Increasing boiling point without change in physical conditions

Question

Recently while going through the chapter calorimetry of class 10 I came across a passage saying "if we add impurities to water such as salt in proper proportion the boiling point of water increases."

How is this happening?

We know when a substance reaches its boiling point it evaporates. But why does it happen when salt is added to water or any other impurities are added to some other liquid, the boiling point of the liquid in mixture increases than the original boiling point of the liquid.

And had it been true then fractional distillation wouldn't have worked, when supplying different temperatures to a mixture, different constituent substances evaporate from the mixture and get separated out.

I want to know the explanation of the above told phenomenon within double quotes.

Thank you!!

Answer 1

This is called a colligative property of liquids, and the boiling point increase is dependent on the number of particles in the liquid per unit volume and independent of the molecular or ionic species of the particles. Much more information can be found at https://en.wikipedia.org/wiki/Colligative_properties. To answer the question of how a boiling point increase is seen, my best guess is either that the extra non-volatile particles in the mixture are impeding the evaporation of water at the surface by physically getting in the way, or those particles are hydrogen bonding with water molecules and making it harder for them to leave the surface.

Regarding fractional distillation, you can only supply one temperature to a liquid mixture. Each component in the mixture will boil out of that mixture such that the components with higher vapor pressure will be selectively enriched in the resulting vapor relative to components with lower vapor pressures.
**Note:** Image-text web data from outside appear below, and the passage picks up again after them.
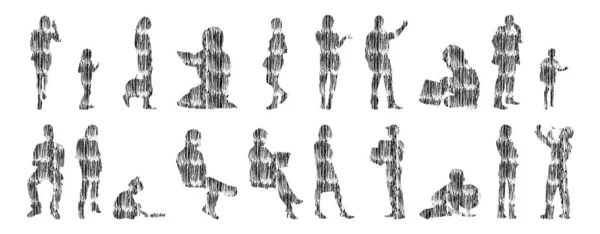 Silhouettes Vectorielles Silhouettes Esquissées Personnes Dessin Contour Silhouette Personnes Icône — Image vectorielle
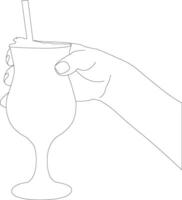 contorno mano con vaso vector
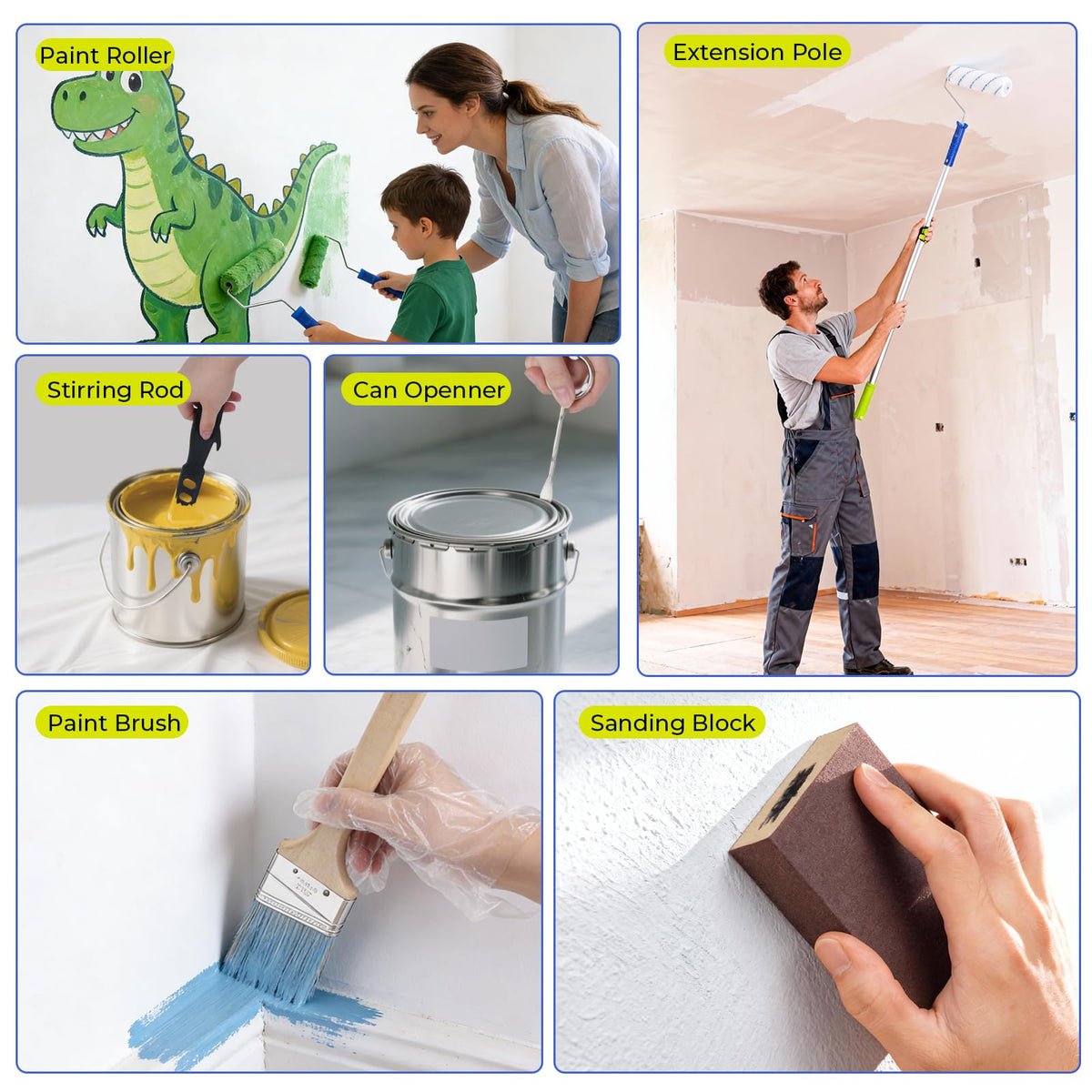 INCLY scraper, sanding block, and stirring rod support prep and smooth surfaces.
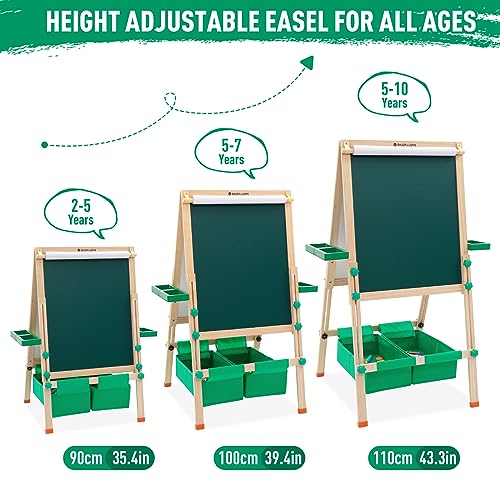 Kindertafel mit Papierrolle Doppelseitige Whiteboard und Tafel Faltbar Höhenverstellbar Kinder Staffelei mit Zahlen und Anderem Zubehör für Kinder und Kleinkinder als Geschenk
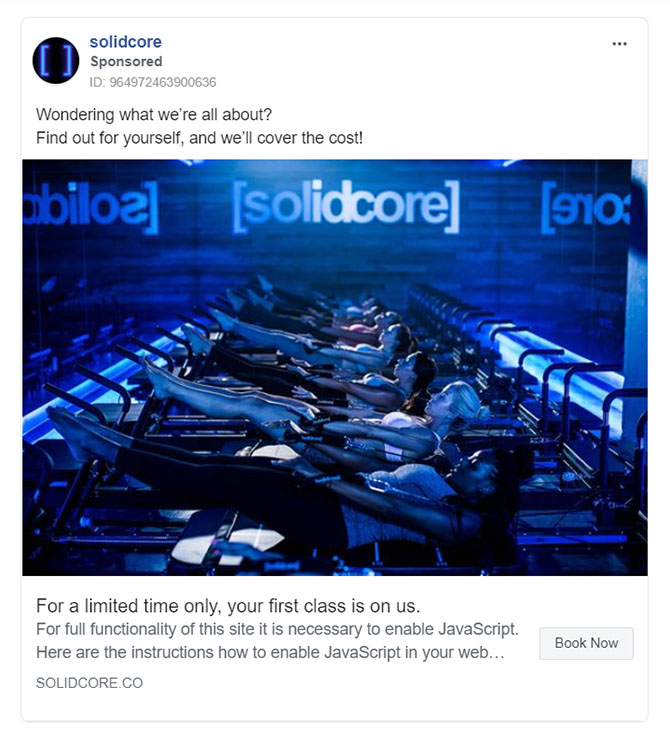 Fitness Facebook Ads Example - Solidcore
For mixtures of straight chain hydrocarbons, the relationship between the vapor composition and liquid composition is practically "ideal", allowing the use of K values, shown in https://en.wikipedia.org/wiki/Relative_volatility. For mixtures of things like non-polar molecules mixed with polar molecules, that relationship is much more complicated, and fugacity coefficients are used, as shown in https://en.wikipedia.org/wiki/Fugacity. Note that if colligative properties didn't exist, it's a "stretch" to think that fractional distillation wouldn't work, as fractional distillation depends on component vapor pressures and not on whether or not those vapor pressures are depressed by some non-volatile mixture component.

Answer 2

The key to boiling point elevation (and freezing point depression) is that the impurity stays in the liquid phase, where it happily remains dissolved, instead of boiling or freezing.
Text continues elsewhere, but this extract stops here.